Forum Moderators: coopster
I am using preg_match to parse filese in UTF-8 and all Latin and foreign language characters are read correctly using it. However, when I parse files with charsets GBK and GB2312 the foreign characters read are not the correct unicode values.
Is there some setting that needs to be changed for preg_match to process the non-UTF-8 charset text differently?
Thanks!
Mansoor
I'm not sure you can do what you want with regex. Can you give the code example that you are working with, please?

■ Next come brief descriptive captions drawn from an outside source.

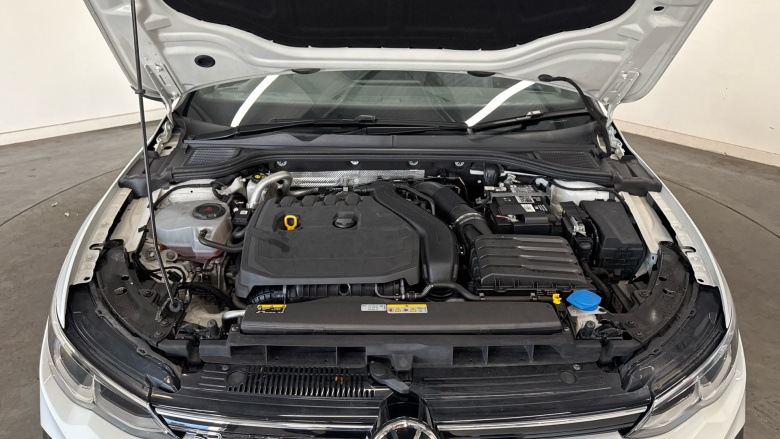 Volkswagen Golf 1.5 eTSI 150 R-Line 5dr DSG Petrol Hatchback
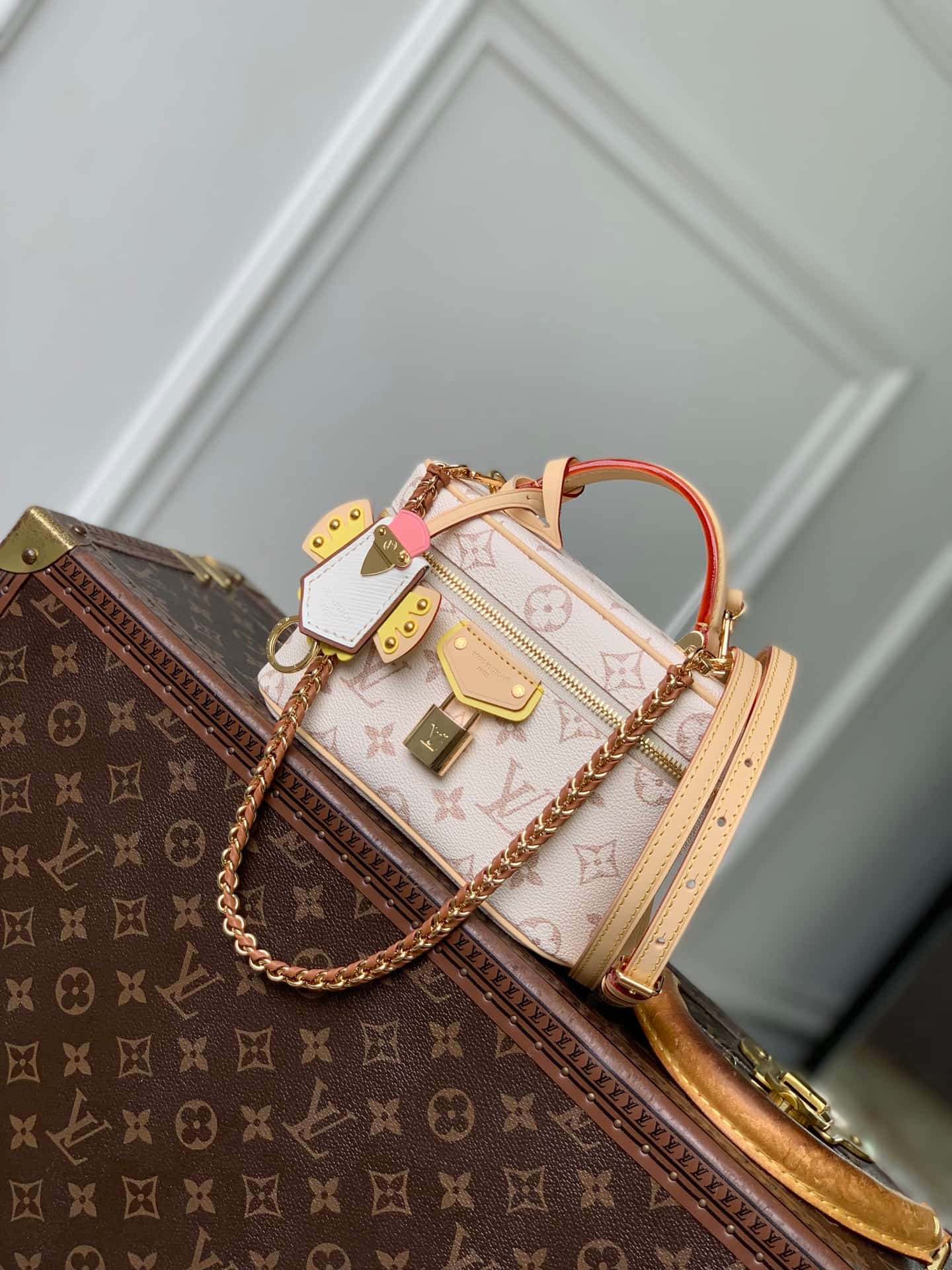 Louis Vuitton Vanity Chain Pouch Monogram Dune Coated canvas M29782 High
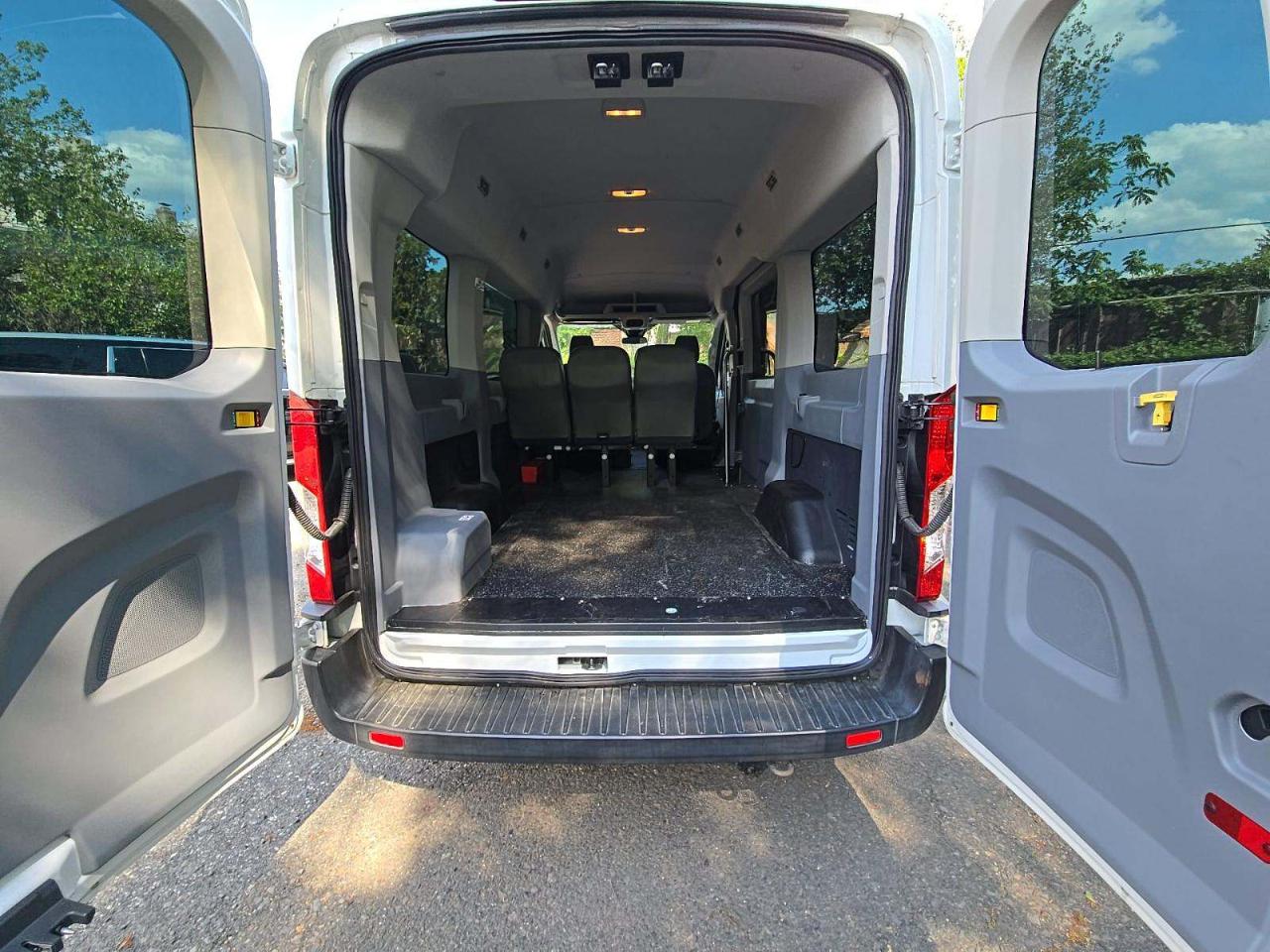 Ford Transit 150 Wagon Med. Roof XL w/Sliding Pass. 130-in. WB 2019
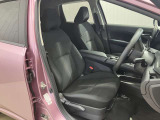 【運転席・助手席シートヒーター】まず人間が暖かいと感じやすい部位を温めることにより、より早く、より快適に温めることができます★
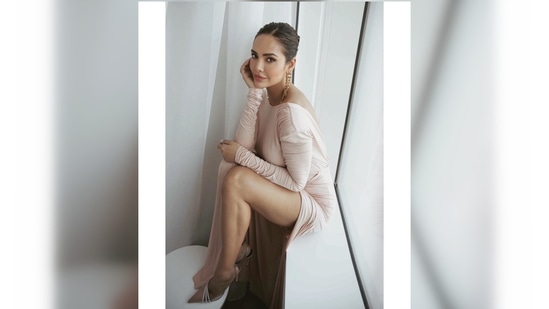 Esha Gupta flaunted her toned legs as she sat and posed for the camera with her legs resting on a bench.(Instagram/@egupta)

<!DOCTYPE html PUBLIC "-//W3C//DTD XHTML 1.0 Transitional//EN" "http://www.w3.org/TR/xhtml1/DTD/xhtml1-transitional.dtd">
<html xmlns="http://www.w3.org/1999/xhtml" xml:lang="zh-CN" dir="ltr">
<head>
<meta http-equiv="Content-Type" content="text/html; charset=gbk"/>
</head>
...
The current code I have uses preg_match to match text in the page that is of interest. An example call is:
preg_match($pattern, $html, $matches)
If I use any chinese characters from the html page in my regular expression, the resulting regular expression does not yeild any matches.
If I use a regular expression comprising html tags, the chinese characters in the text returned by preg_match is different than the characters that are shown in Firefox.
I suspect that this difference is because of the encoding of the html text. My code works fine with non-english and chinese text encoded in UTF-8.
Is there someway I can convert from one charset to another?
Thanks!
Mansoor